# WHAT THE TASK REQUIRES
What is needed is an exact copy of the data below, pictures excluded.

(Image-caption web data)
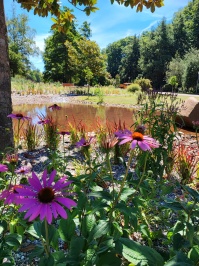 Tal der Blumen Tal der Blumen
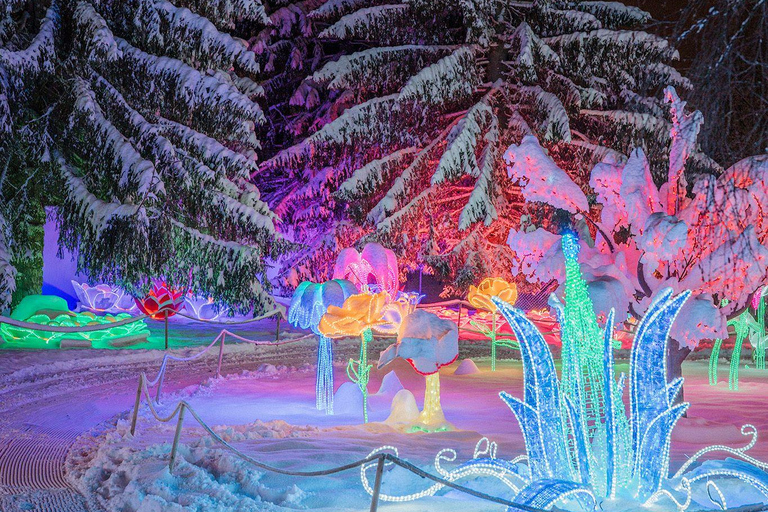 Arctic Fantasy Park Entry Ticket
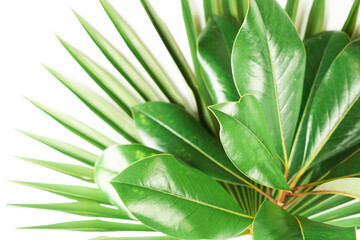 Close-up exotic tropical green plants on white background
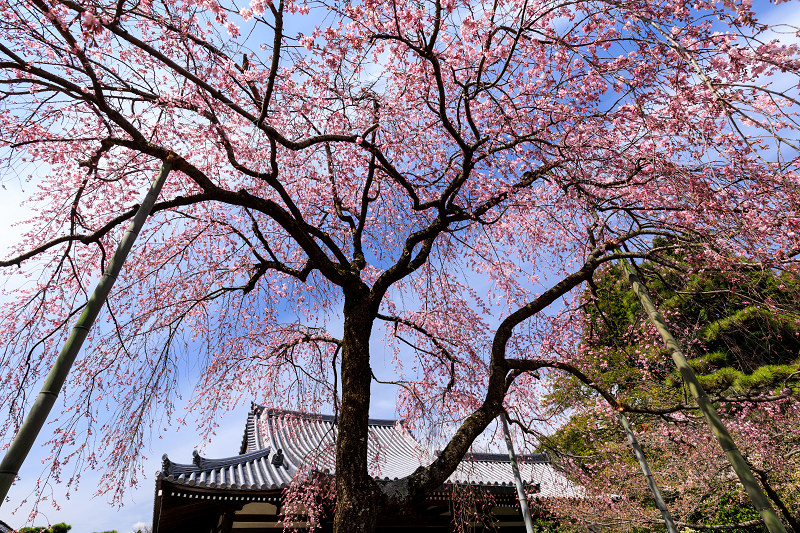 桜咲く京都2018　法金剛院のしだれ桜と春の花_f0155048_185124.jpg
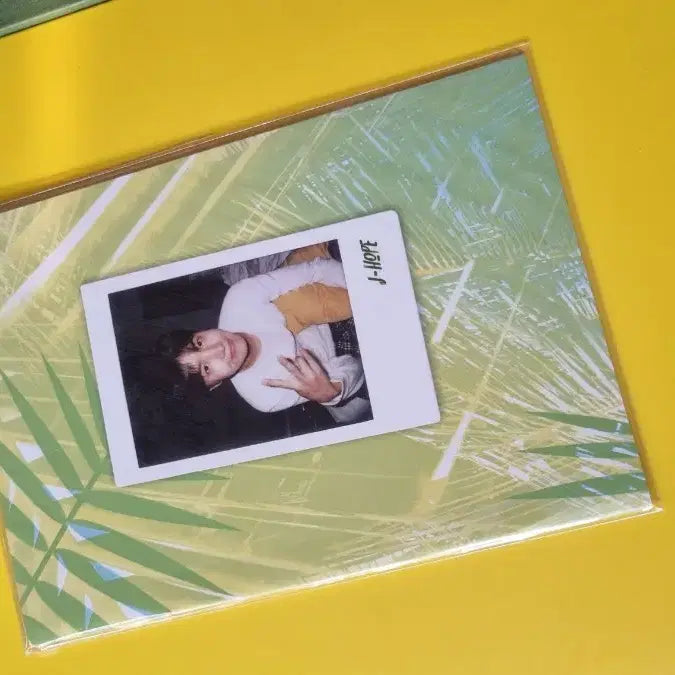 BTS 2017 썸머패키지 제이홉 호석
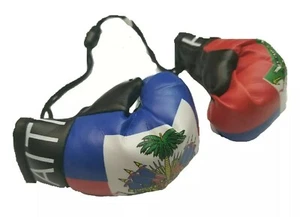 Guanto da boxe haitiano mini striscione bandiera auto retrovisione specchio isola mappa regalo - Foto 1 di 3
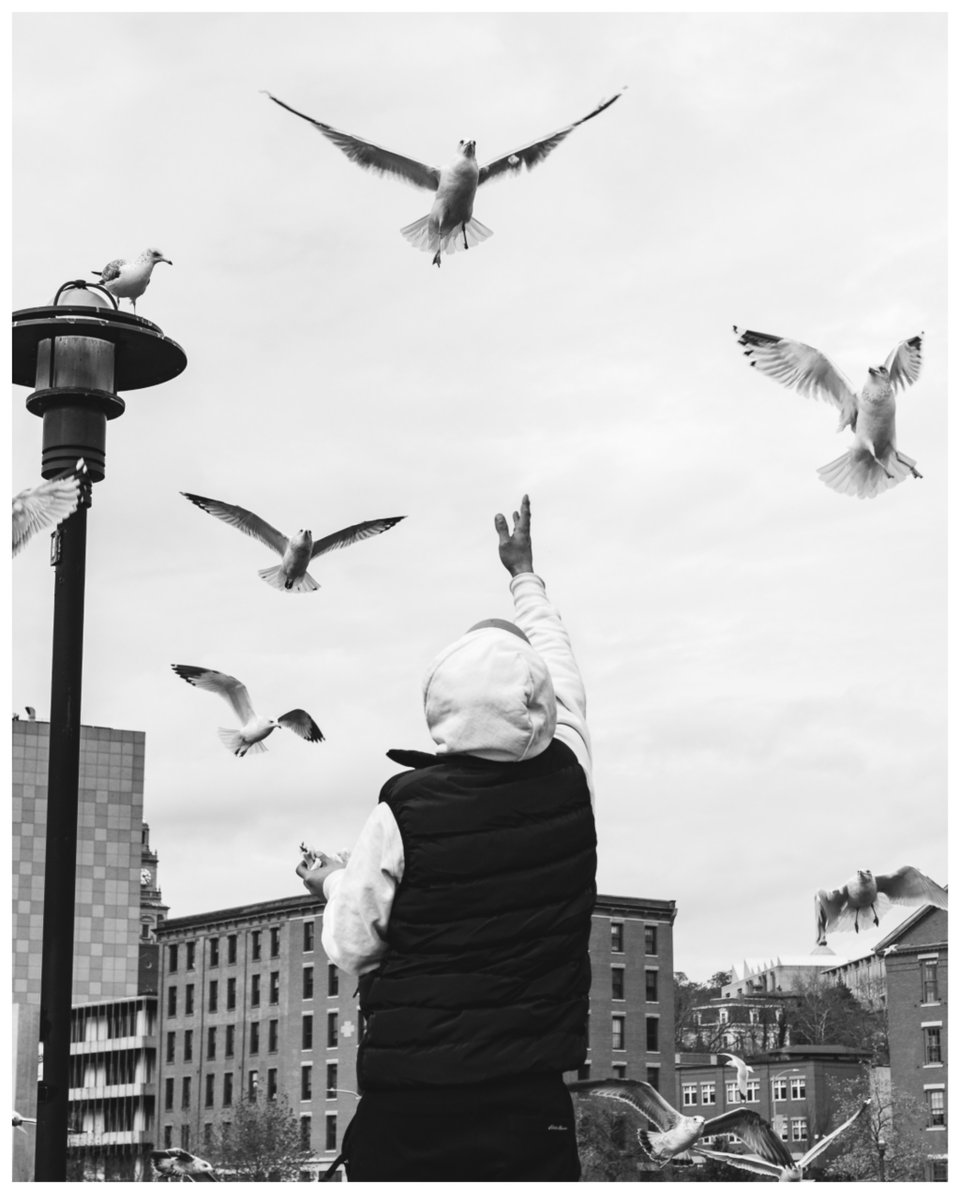 ItsBaghead's tweet photo. Photo version of a @LouieTheBee poem #streetphotography https://t.co/Wduj9JZtIl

# YOUR RESPONSE
 Tal der Blumen Tal der Blumen
 Arctic Fantasy Park Entry Ticket
 Close-up exotic tropical green plants on white background
 桜咲く京都2018　法金剛院のしだれ桜と春の花_f0155048_185124.jpg
 BTS 2017 썸머패키지 제이홉 호석
 Guanto da boxe haitiano mini striscione bandiera auto retrovisione specchio isola mappa regalo - Foto 1 di 3
 ItsBaghead's tweet photo. Photo version of a @LouieTheBee poem #streetphotography https://t.co/Wduj9JZtIl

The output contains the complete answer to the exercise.